> _Task_: Nothing but an exact repeat of the data, with pictures removed, belongs in the answer.

> _Data segment_:
((

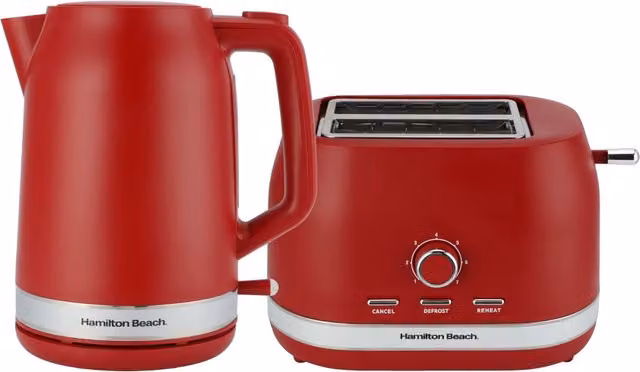 Hamilton Beach Ella Red Kettle and Toaster Set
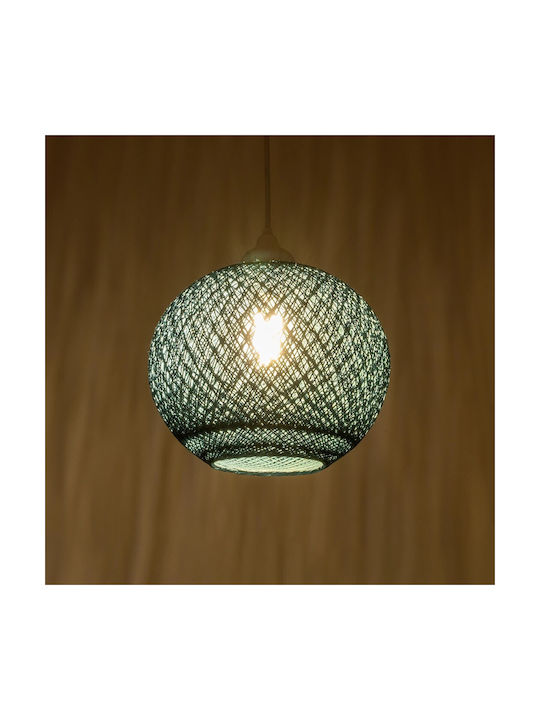 GloboStar Solei Pendant Light Turquoise Boho with Rope for Socket E27 20x20x25cm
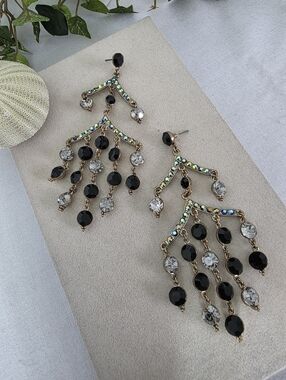 Vintage Style Black & Clear Crystal Chandelier Earrings | Antique Gold Statement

))

> _Task response_:
 Hamilton Beach Ella Red Kettle and Toaster Set
 GloboStar Solei Pendant Light Turquoise Boho with Rope for Socket E27 20x20x25cm
 Vintage Style Black & Clear Crystal Chandelier Earrings | Antique Gold Statement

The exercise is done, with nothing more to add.